Baroness Scotland Has No Defence Unless She “Checked and Copied”

Baroness Scotland was appointed by Gordon Brown to be government’s chief legal adviser. Prior to becoming Attorney General she worked as a minister in the Home Office, cracking down on illegal migrants and imposing tougher penalties on business and individuals who employ them was passed.

The Daily Mail has Baroness Scotland bang-to-rights, yet she says she did not knowingly employ the Tongan illegal immigrant, Loloahi Tapui, and her spokesman says the Attorney General “saw documents which led her to believe that Ms Tapui was entitled to work in this country” when she hired her. There is only one statutory defence against conviction for employing an illegal worker under section 8 of the Asylum and Immigration Act 1996 – the act specifies that you get this defence only by checking and copying certain original documents belonging to your employee.

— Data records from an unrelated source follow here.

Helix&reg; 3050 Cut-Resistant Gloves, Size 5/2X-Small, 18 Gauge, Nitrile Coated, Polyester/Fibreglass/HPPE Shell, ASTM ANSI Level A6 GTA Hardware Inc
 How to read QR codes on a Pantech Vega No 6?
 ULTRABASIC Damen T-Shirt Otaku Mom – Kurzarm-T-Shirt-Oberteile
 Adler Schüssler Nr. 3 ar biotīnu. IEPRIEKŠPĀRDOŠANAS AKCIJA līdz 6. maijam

The Home Office guidance on this is clear – you will only be able to establish the defence by checking and copying specified documents, including the passport and “any page containing UK Government endorsements indicating that the holder has an entitlement to be in the UK and is entitled to undertake the work in question.”

So all the Attorney General has to do to clear her name is show us the copy of the page and she is in the clear. If she has not got that copy, she has broken the law she is supposed to uphold. Clear and simple.